Tetapi itu semuanya tinggal harapan dan kenangan yang hanya dia sendiri yang tahu, sedangkan sekarang ayahnya telah pergi untuk selamanya. Sekitar satu jam kemudian, terasa ada yang memegang bahunya, rupanya adiknya Rubah. Tak lama setelah itu juga muncul Muladi, Marniwati dan Musang.
“Sudahlah Bang,” seru mereka berempat. “Ayah telah pergi, kita tidak bisa berbuat apa-apa lagi, mungkin sudah kehendak Tuhan.”
“Apakah jadi mengubur hari ini, Bang?” tanya Musang.
Otong menoleh kepada adiknya. “Jadi,” sahutnya agak kurang suka senang melihat gaya adiknya yang buru-buru sekali ingin menguburkan ayah mereka.
Sepertinya ayah mereka ini sesuatu yang berupa pesakitan saja yang haraus segra disingkirkan jauh-jauh. Saudara-saudari mereka yang lain pun melihat Musang kurang senang, karena sepertinya dia sama sekali tidak mau mayat ayahnya terlalu lama di rumahnya.
“Apakah ada yang sudah menghubungi Pastor Paroki?” tanya Sangen.
“Sudah. Suami adik istrimu, Oton,” sahut mereka.
Oohh,” sahut Sangen.
Barulah dia teringat jika kemarin dari Pontianak dia telah menghubungi duainya itu untuk mengurus segalanya, karena dia memang aktif di gereja dan juga rajin ikut sembahyang lingkungan.
Otong lalu segera menelpon duainya itu dan langsung diangkat. “Kesepakatan penguburan dengan Pastor jam berapa?” tanya Sangen.
“Itu terserah Abanglah.
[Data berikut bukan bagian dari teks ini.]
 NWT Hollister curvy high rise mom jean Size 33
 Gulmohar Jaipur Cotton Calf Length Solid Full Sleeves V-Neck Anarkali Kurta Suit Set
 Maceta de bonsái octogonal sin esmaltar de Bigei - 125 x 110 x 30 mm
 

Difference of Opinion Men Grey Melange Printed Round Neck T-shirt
Kami belum memutuskannya, tetapi yang pasti hari ini para Pastor itu selalu siap,” sahut Oton.
“Baik, Duai. Minta tolong sampaikan saja kepada para pastor itu misa Requiemnya pukul sepuluh pagi, setelah itu langsung ke kuburan. Apakah sudah ada yang menggali kuburnya?”
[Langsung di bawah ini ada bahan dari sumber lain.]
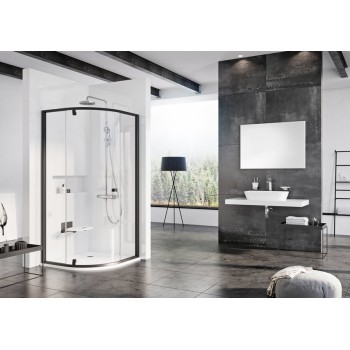 RAVAK PIVOT Pusapaļā dušas kabīne PSKK3 80x80cm, melns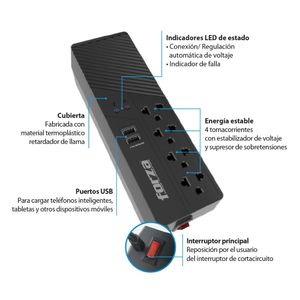 Estabilizador Forza 1000Va/500W 4T FVR-1012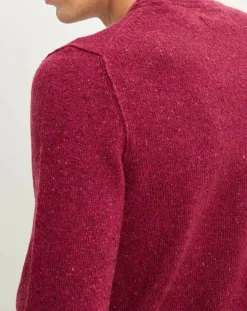 Pull en Laine mélangée chinée col rond bordeaux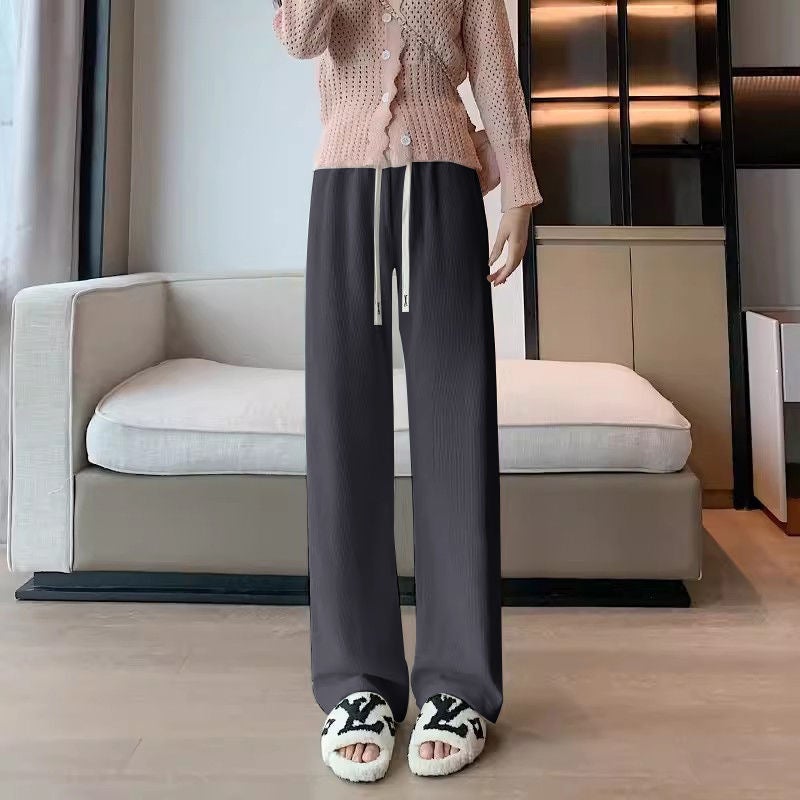 Ice Silk Rib Pocket Wide Leg Pants Women'S 2024 Spring Summer Autumn Korean Loose High Waist Slimming Straight Pants - Image 5
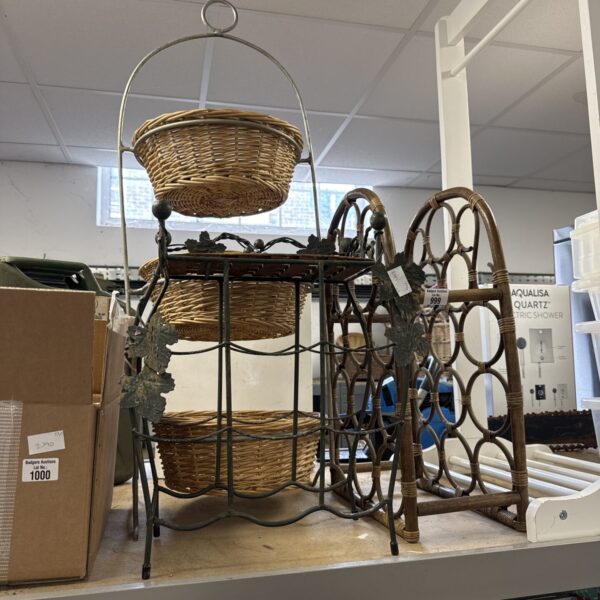 Wooden bottle rack with two shelving units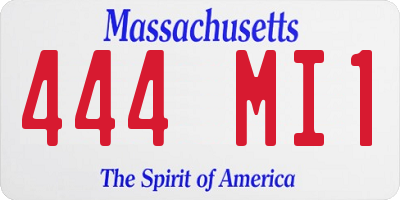 MA license plate 444MI1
“Tadi pagi-pagi sekali dari Yayasan Mawar sudah di suruh. Mungkin pukul sembilan pagi ini mereka sudah selesai.”
“Misa requiemnya di rumah mu saja, ya?” tanya Otong pada Musang.
“Boleh,” sahut Musang.
Otong memang perlu menanyakan kepastian ini, karena sekarang adiknya Musang ini sudah pindah agama mengikuti isterinya, sehingga memang dia merasa perlu untuk memberitahunya.
Meskipun jika diingat bahwa itulah ayahnya yang sedari kecil mengurusnya, maka tidak mungkinlah dia menolaknya. Karena tanpa ayahnya manalah mungkin dia ada di dunia ini dan jika bukan karena ayahnya yang menyekolahkannya, maka mana mungkin dia bisa menjadi sarjana dan sukses dalam hidup sebagai pegawai negeri dengan golongan tinggi.
“Jadi Misa Requiemnya di rumah tempat jenasah saja ya Duai,” kata Sangen.